All of the above are necessary features of the capitalist system. The system works through boom and bust. Nothing is going to change this, whatever the liberal-left reformers of the system might argue. Responsible capitalism, a capitalism which would be equitable, stable, in harmony with nature, with sustained growth is a creature of the imagination. As Lenin once remarked, If capitalism could do all these things, it would not be capitalism.

Finally, my somewhat short and narrowly focused review of this book hardly does it justice. Read it and see. Or as Financial Times guru Martin Wolf (who I believe is not a Marxist) enjoins Read. Learn. Weep.’’

And now we are in 2021. To reiterate Martin Wolfe’s timely warning which bears repeating. ‘’The Latest crisis is unlikely to be the last. It may even be the precursor of a still bigger crisis in the years ahead.’’ Anyone wish to argue against this?


Ms Ann Pettifor (Keynesian, of course) the author of

’The Production of Money – How to Break the Power of Banks’

Speaks highly of a certain gentleman – one John Law – ‘’the Scottish genius (sic!) who understood credit or bank money way back in the 1700s.’’ p.94

FYI – John Law was a colourful fellow: Scottish mathematician, gambler, and early economist who left his homeland after killing a man in a duel. He decamped to France where he insinuated himself into the establishment who seemed eager to listen to his crackpot theories of money. He was the first to implement monetary easing. Trade, he argued was held back by lack of money. No problem, paper money or Assignats would be created in abundance to get trade and commerce moving. Sound familiar?
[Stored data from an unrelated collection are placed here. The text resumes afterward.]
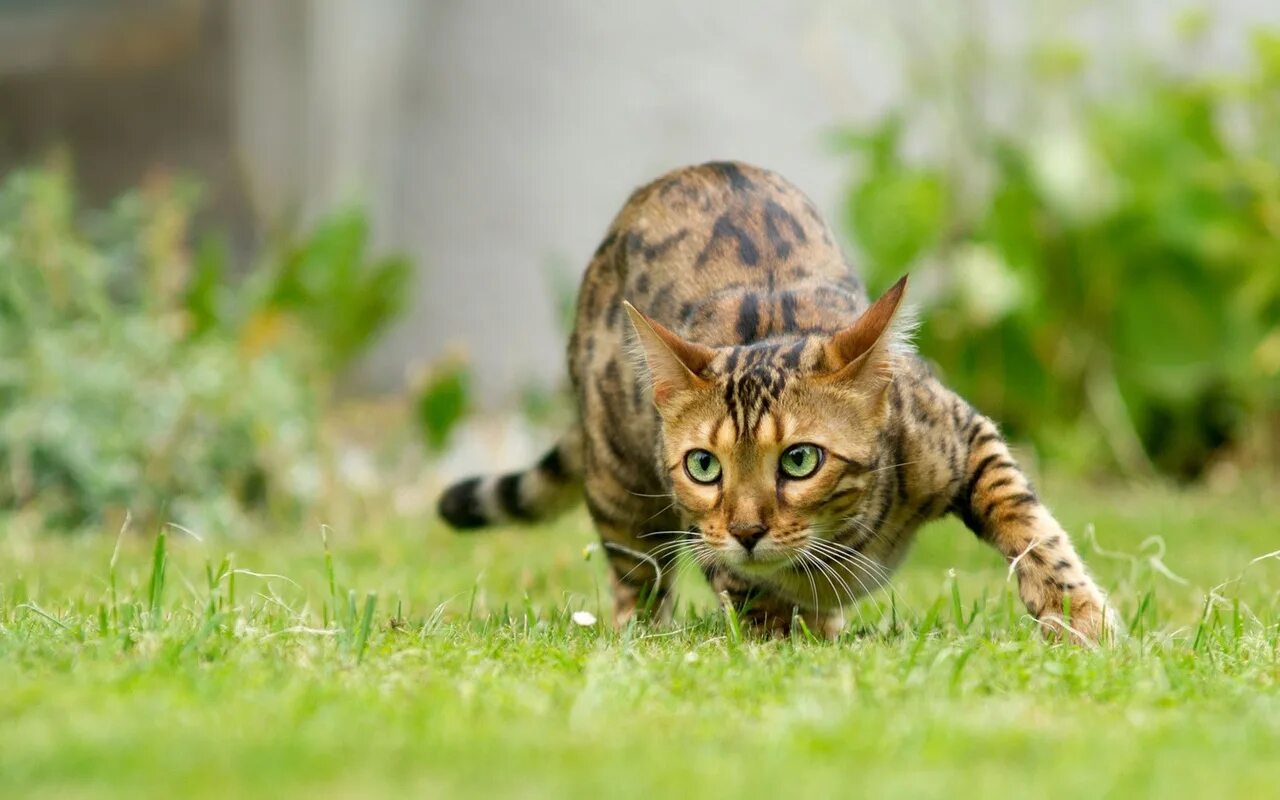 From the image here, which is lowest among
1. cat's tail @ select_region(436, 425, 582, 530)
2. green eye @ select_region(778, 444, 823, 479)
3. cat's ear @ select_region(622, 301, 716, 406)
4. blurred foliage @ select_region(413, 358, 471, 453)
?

The Duc D’Orleans decreed that all taxes and revenues could be paid in notes to Law’s bank the Banque Générale. To cut a long story short the French authorities gave Law a plan to develop one of France’s possessions in what was then America. This was essentially another get-rich-quick racket similar to the earlier forms, namely the Dutch Tulip Bubble and the South Sea Bubble. As with all Ponzi schemes things went swimmingly at first. Inevitably, however, the bubble burst among a wailing and gnashing of teeth. The Mississippi Bubble collapsed in the same year as the South Sea Bubble. Speculation gave way to panic as share prices fell to 4,000 livres per share, a 73% decrease within a year. It was under these circumstances and the cover of night that John Law left Paris in disgrace some seven months later.

So this is the chap whom Ms Pettifor regards as a genius(sic!)